Süddeutsche Zeitung

Mitten in Fürstenfeldbruck:Nach Weihnachten ist vor Weihnachten

Der Historische Verein stellt am Samstag die prächtige Osterrieder-Krippe in der Klosterkirche vor. Der Zeitpunkt ist gut gewählt.

Kolumne von Stefan Salger

In ungefähr elf Monaten steht Weihnachten vor der Tür. Vermutlich in ungefähr neun Monaten wird wieder Adventsklimbim angeboten. Vermutlich in acht Monaten werden die ersten Lebkuchen und die obligatorischen Nikoläuse aus Schokoguss in den Regalen liegen. Und hoffentlich noch etwas zeitiger wird der Paketbote vor der Tür stehen. Aber dazu später mehr.

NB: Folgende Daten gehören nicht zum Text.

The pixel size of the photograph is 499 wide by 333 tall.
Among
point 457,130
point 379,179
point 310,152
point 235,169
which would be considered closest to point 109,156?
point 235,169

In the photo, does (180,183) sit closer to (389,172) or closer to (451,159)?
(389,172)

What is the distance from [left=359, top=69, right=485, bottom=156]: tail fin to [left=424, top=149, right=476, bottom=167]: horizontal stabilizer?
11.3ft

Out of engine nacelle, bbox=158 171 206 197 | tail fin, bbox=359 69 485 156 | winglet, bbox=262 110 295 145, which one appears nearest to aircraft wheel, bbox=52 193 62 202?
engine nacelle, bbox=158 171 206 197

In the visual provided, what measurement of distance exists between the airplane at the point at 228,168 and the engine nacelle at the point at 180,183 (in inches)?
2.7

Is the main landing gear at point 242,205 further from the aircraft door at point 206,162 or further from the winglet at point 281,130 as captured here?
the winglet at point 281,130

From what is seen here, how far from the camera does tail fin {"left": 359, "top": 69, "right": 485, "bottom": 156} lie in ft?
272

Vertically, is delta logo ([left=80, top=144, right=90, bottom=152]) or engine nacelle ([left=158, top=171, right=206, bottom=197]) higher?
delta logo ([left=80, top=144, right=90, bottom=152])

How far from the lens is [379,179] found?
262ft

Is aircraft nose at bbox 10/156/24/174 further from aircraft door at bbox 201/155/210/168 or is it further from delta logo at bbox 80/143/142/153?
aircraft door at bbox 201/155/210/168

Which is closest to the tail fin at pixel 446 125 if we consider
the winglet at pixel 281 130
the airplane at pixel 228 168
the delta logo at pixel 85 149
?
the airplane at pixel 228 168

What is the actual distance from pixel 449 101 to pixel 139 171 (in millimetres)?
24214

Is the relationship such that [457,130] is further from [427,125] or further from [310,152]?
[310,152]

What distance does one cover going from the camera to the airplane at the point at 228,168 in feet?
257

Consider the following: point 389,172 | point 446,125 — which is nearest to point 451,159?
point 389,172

Mit hinreichender Gewissheit lässt sich jedenfalls bereits sagen, dass der Countdown begonnen hat. Und dies, noch bevor in manchen Wohnzimmern die letzten grün-nadeligen Überlebenskünstler das Feld räumen müssen: denn am 2. Februar, 40 Tage nach Weihnachten, wird Mariä Lichtmess begangen. Bis zu diesem Tag dürfen nach altem Brauch Christbäume stehen bleiben. Gleiches gilt für Krippen. Deshalb darf ein ganz besonderes Exemplar am Samstag von elf Uhr an auch mit Fug und Recht und just in time in den Blickpunkt rücken: die Osterrieder-Krippe in der Josephskapelle der Klosterkirche Fürstenfeld. Im Auftrag des Historischen Vereins werden die Experten Anneliese und Anton Hirschvogel deren Besonderheiten erklären.

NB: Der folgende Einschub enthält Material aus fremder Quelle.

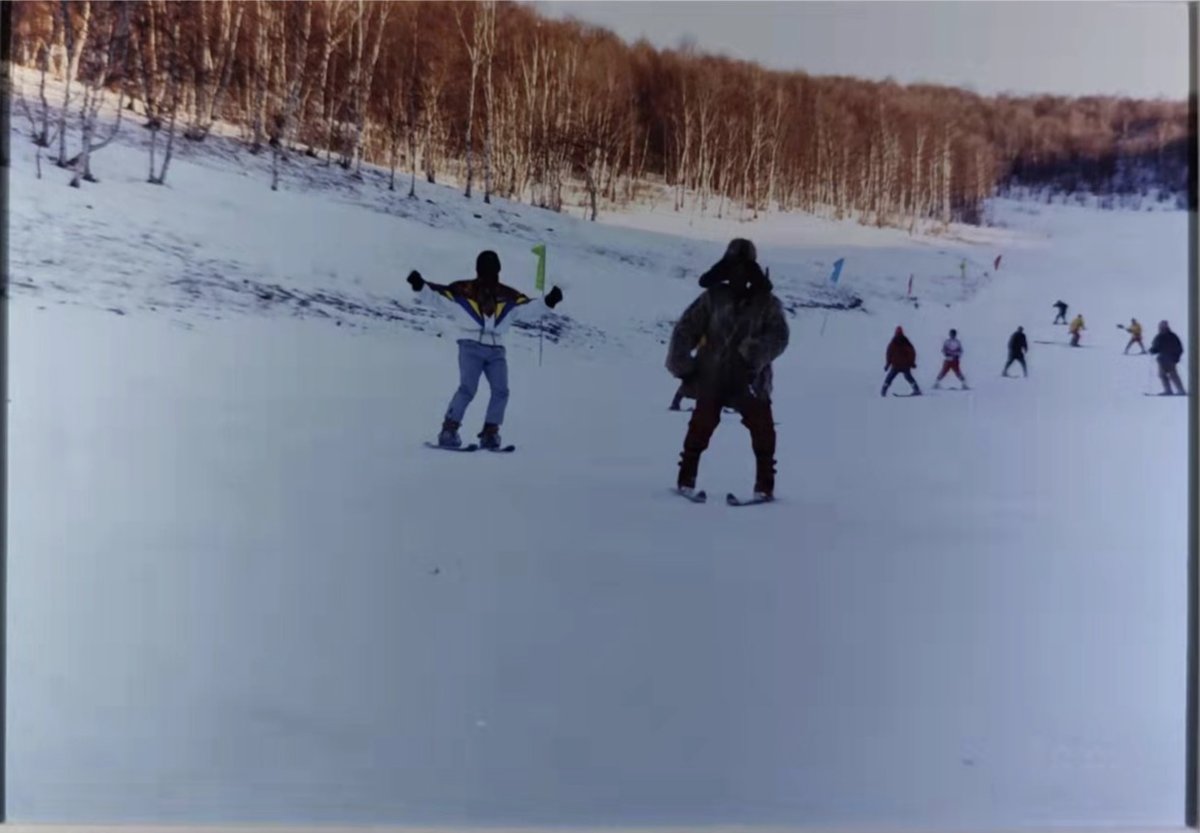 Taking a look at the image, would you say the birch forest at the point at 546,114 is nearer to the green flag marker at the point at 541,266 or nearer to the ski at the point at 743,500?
the green flag marker at the point at 541,266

Spätestens dann wird deutlich, dass die Klosterkirche mit der Peterskirche auf Augenhöhe ist - auch in Rom steht eines dieser Kunstwerke des Bildhauers Sebastian Osterrieder, der um 1900 herum das Krippenbrauchtum in den Kirchen wiederaufleben ließ und dessen Werke auch bei weltlicher Prominenz hoch im Kurs standen: bei Prinzregent Luitpold und Kaiser Wilhelm II ebenso wie bei Konrad Adenauer.

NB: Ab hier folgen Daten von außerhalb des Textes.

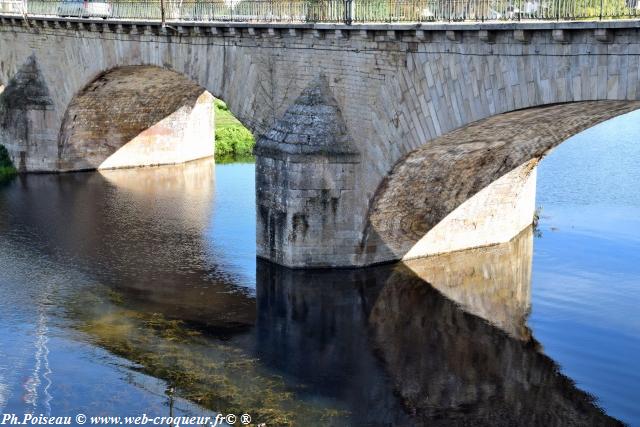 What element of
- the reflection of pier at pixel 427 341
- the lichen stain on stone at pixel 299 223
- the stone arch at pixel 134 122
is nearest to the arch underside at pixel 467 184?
the reflection of pier at pixel 427 341

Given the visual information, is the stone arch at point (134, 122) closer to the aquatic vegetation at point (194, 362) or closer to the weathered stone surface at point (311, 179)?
the weathered stone surface at point (311, 179)

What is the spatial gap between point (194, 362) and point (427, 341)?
4.28 meters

Wer neugierig geworden ist, sollte sich unter kontakt@hvf-ffb.de anmelden. Nach der inspirierenden Führung könnte man den Wunsch verspüren, sich selbst als Modellbaumeister zu versuchen. Dann zahlt es sich aus, mit Blick aufs nächste Weihnachtsfest zeitig dran zu sein. Denn Osterrieders Figuren sind nicht aus Schokoguss wie all die oblgatorischen Nikoläuse, sondern aus echtem Französischen Hartguss. Gips wird dafür mit Hasenleim und Champagnerkreide zusammengerührt. Angesichts gerissener Lieferketten mag es schon ein paar Monate dauern, bis der bereits oben avisierte Paketbote mit den seltenen Rohstoffen vor der Tür steht.